Unless it's fused with playable action, a debate turns a play into a lecture with costumes. So it goes with "The Quarrel," a thoughtful treatise on Jewish faith that lacks theatrical spark.
Unless it’s fused with playable action, a debate turns a play into a lecture with costumes. So it goes with “The Quarrel,” a thoughtful treatise on Jewish faith that lacks theatrical spark. It’s no surprise this piece began as a short story, where the slightest premise can support an interesting battle of ideas. But in adapting Yiddish writer Chaim Grade’s original work, playwrights David Brandes and Joseph Telushkin show little sense for making his arguments dramatic.
The plot is more like a sketch: In Montreal in 1948, two old friends and Holocaust survivors unexpectedly meet in a park. When they were boys, Chaim (Sam Guncler) and Hersh (Reuven Russell) studied together, but while Hersh became a rabbi, Chaim abandoned his faith to pursue writing. Now reunited — and grieving Nazi atrocities — they clash over the value of faith in the aftermath of Hitler’s crimes.
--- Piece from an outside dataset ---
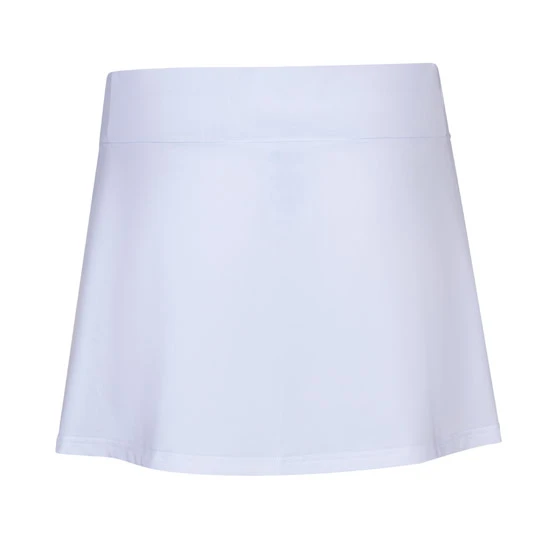 Babolat Play Girls Skirt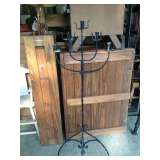 This Ends Up Bedroom Furniture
Their arguments are interesting, if a bit schematic. Chaim champions humanity, insisting God should be blamed for the Holocaust, but Hersh declares only God can be trusted after humans built the camps.
As thought-provoking as they are, however, these conversations have no dramatic purpose. Neither man can gain or lose anything by arguing, so it’s hard to stay engaged.
Along with stakes, the script lacks physicality, rarely suggesting movement. Yet director Robert Walden has the thesps wander the stage in figure eights or arbitrarily cross while speaking, as though any random action were better than stillness.
Similarly, the scribes add some awkward spectacle, such as the lightning that strikes after Hersh spits an insult, but nothing feels organic.
The actors at least find the passion in their rhetoric. In his climactic monologues, Russell erupts like a religious leader, pounding key words in his arguments and shuddering with his convictions. He skates over subtler moments, but his bombast leaves a ringing echo.
Guncler uses a hammy Jewish accent but gains authenticity by taking the time to experience each new thought. His lines seem like they’re occurring to him for the first time.
The most elegant work comes from lighting designer John Burkland. In the opening scene, Chaim remembers his friendship with Hersh while the latter stands upstage, his back to the audience as he rocks in prayer. Burkland obscures Russell at the beginning, but as Guncler talks, he pulls the background actor into focus. The light evolves from dreamy colors into realistic tones, softly preparing us to enter the play. Those elegant shifts continue, giving the production some much-needed polish.